• _Exercise instructions_: Output only the stretch of the listing that starts at the line containing "Numerous beer booths" and ends at the line containing "VADERSTAD NZ500 VADERSTAD HARROW", reproduced exactly with both ends.

• _Provided material_:
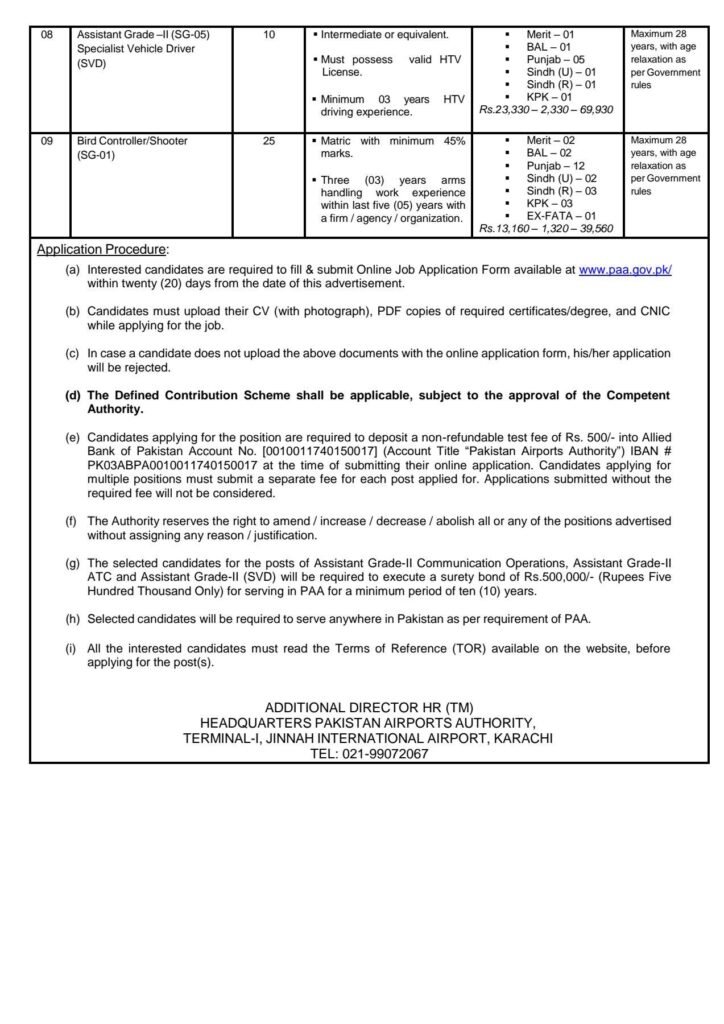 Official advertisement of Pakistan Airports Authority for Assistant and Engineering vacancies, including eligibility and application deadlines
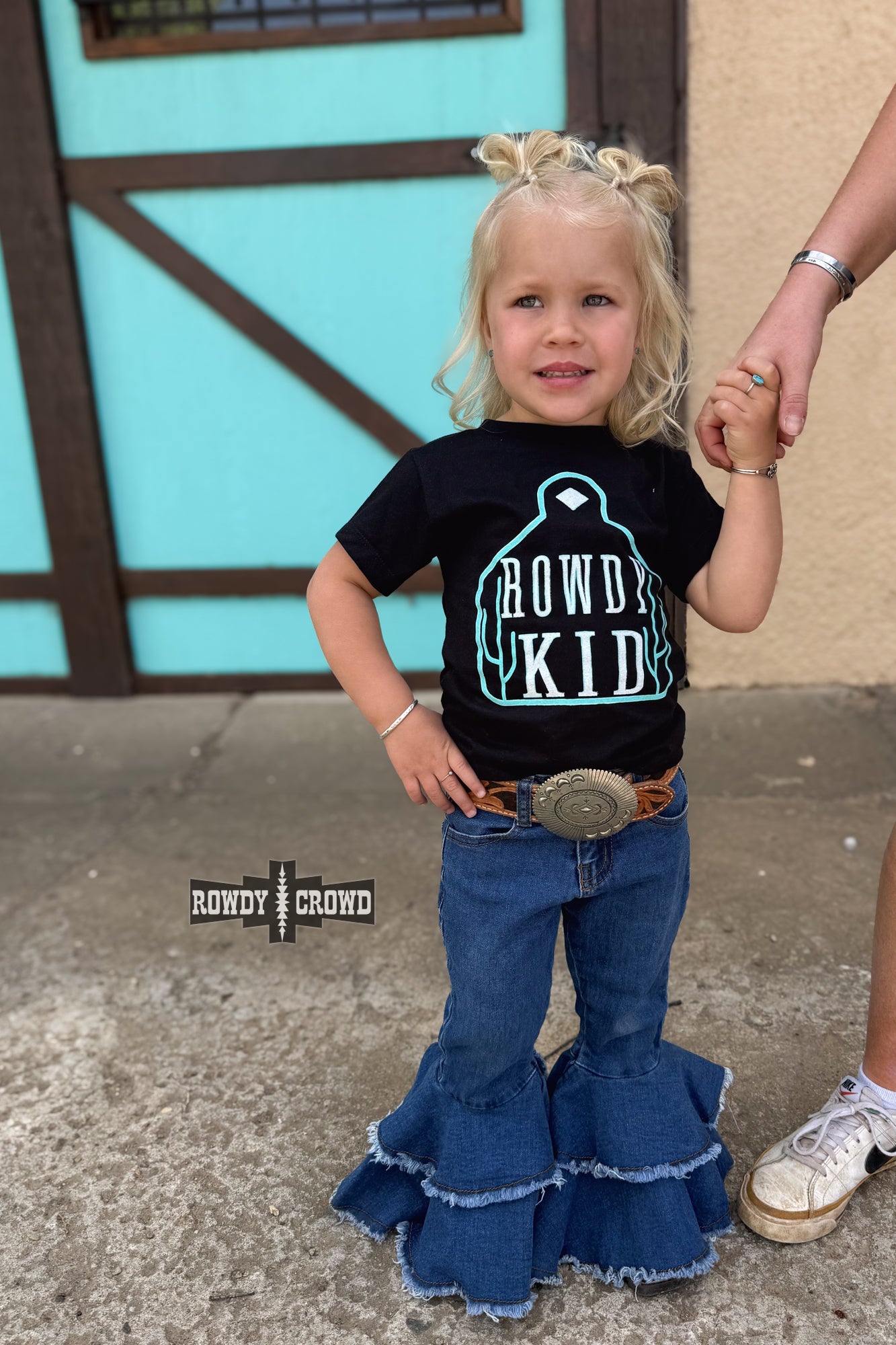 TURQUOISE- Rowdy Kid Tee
...
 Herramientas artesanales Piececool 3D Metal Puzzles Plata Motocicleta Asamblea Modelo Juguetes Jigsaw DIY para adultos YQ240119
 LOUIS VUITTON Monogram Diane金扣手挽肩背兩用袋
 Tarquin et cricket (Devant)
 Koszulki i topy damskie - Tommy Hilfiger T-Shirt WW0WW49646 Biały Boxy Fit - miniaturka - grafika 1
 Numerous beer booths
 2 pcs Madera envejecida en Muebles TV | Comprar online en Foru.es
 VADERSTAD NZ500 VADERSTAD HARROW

• _Task result_:
 Numerous beer booths
 2 pcs Madera envejecida en Muebles TV | Comprar online en Foru.es
 VADERSTAD NZ500 VADERSTAD HARROW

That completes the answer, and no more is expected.